Within the UK, there has been a significant increase in medical schools over the last 20 years with the NHS goal to develop health professional training across the majority of clinical networks, providing centres of a both clinical and academic training for health professionals within a network. The development of academic centres within these network works enhance the reputation and quality of primary / secondary care resulting in better recruitment of health professional work force and thus attract the PIs of the future. The majority of the clinical networks cover a population of a million or less in contrast to our 1.6 million.

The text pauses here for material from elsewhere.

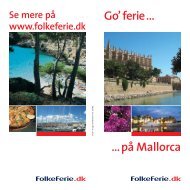 … på Mallorca Go' ferie … - FolkeFerie.dk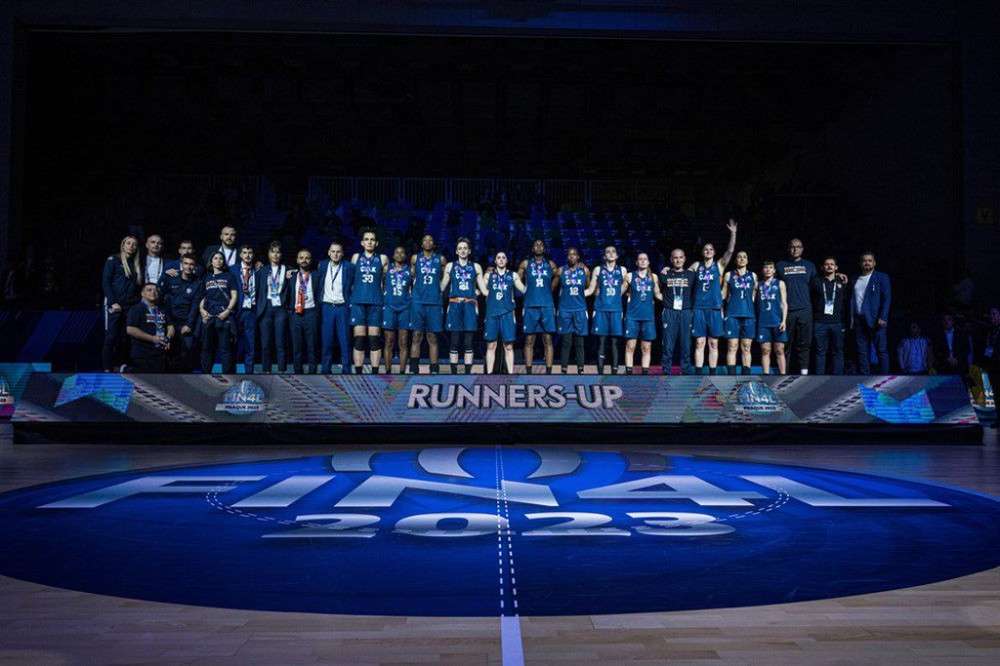 ÇBK Mersin Yenişehir Belediyesi Avrupa İkincisi Oldu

As The Trust is connected to four separate organisations with medical schools, this strategy is thematically based to best utilise the strengths of those organisations. Working with the strengths of the Workforce and education Directorate, this will develop a programme for post-graduate medical and NMAHP education that encompasses training and research to provide not only the workforce and leaders for future generations.
Area
Engagement with HEIs
Year One
Establish at least half-yearly strategy meetings with HEI partners to align key strategic objectives.
Year Two
Continue regular, structured strategic engagement with local HEIs
Year Three
Continue regular, structured strategic engagement with local HEIs
Person Responsible
Pierre Martin-Hirsch
Engagement with HEIs
Year One
Encourage local universities - Lancaster & UCLAN to map out their strengths in clinical / translational research and develop existing strengths
Year Two
Ongoing review of this in strategy meetings
Year Three
Ongoing review of this in strategy meetings
Person Responsible
Pierre Martin-Hirsch
Fellows
Year One
Establish template job descriptions and endorsed process for creating and advertising Clinical Research Fellow posts which are accredited for out of specialty training.
Incl UoM
Year Two
Develop coordinated cohort of clinical academic fellows, measuring outputs and impacts of research.
Year Three
Showcase outputs from clinical academic fellow posts
Person Responsible
Pierre Martin-Hirsch
Fellows
Year One
Increase number of ACF posts (NIHR etc) at the Trust =1
Year Two
Increase number of ACF posts (NIHR etc) at the Trust =2
Year Three
Increase number of ACF posts (NIHR etc) at the Trust =2
Person Responsible
Pierre Martin-Hirsch, Paul Brown, Jackie Twamley
CAF –Medical Student Projects
Year Two
Medical student project options demonstrate direct link to established programmes of research = 1 resulting publication
Year Three
Link project options with established research programmes across other specialties, = 3 resulting publications
Person Responsible
Philippa Olive/Jackie Twamley
Clinical Academic Roles
Year One
The Trust to support academic posts in midwifery, stroke nursing, cancer care, pharmacology etc. to take advantage of the local health services research expertise. Have a rolling programme of establishing posts within 5 years to establish critical mass. Programmes to be led by NIHR active leads.
Person Responsible
Pierre Martin-Hirsch, Paul Brown
Chairs
Year One
Aim to appoint 3 further substantive Chairs/Professorial appointments with local HEIs by 2022 (2 at time of writing)
Year One
Pierre Martin-Hirsch, Paul Brown, Anthony Rowbottom
Honorary chairs
Year One
To have 5 honorary chairs by 2022.
Person Responsible
Pierre Martin-Hirsch, Paul Brown, Anthony Rowbottom
Readers/SLs
Year One
To have 5 additional Readers or Senior Lecturers by 2022.
Person Responsible
Pierre Martin-Hirsch, Paul Brown, Anthony Rowbottom
KPIS
Year One
Have clearly defined KPIs and financial expectations for all of these set out in either an SLA or MoU document. Process these as they happen.
Person Responsible
Pierre Martin-Hirsch, Paul Brown, Anthony Rowbottom
CAF
Year One
Maintain the present Clinical Academic Faculty (CAF) body of work and staffing to ensure throughput of clinical and AHP research and service improvement projects through R&I, the wider trust staffing, medical students and HEI teams
Person Responsible
Philippa Olive
Academic Office
Year Two
1) Develop a single academic office within The Trust by April 2021
2) Develop the support infrastructure within the “academic” unit to ensure success and efficiencies
Develop undergraduate health professional exposure to academic training within the academic “hub”
Person Responsible
Pierre Martin-Hirsch, Paul Brown
Aim 3
To increase the presence and profile (P&P) of R&I in The Trust and in doing so the opportunities for staff, patients and the public to engage with the research agenda and provide a route for them to direct and influence Trust research and innovation priorities, and for the public to access research.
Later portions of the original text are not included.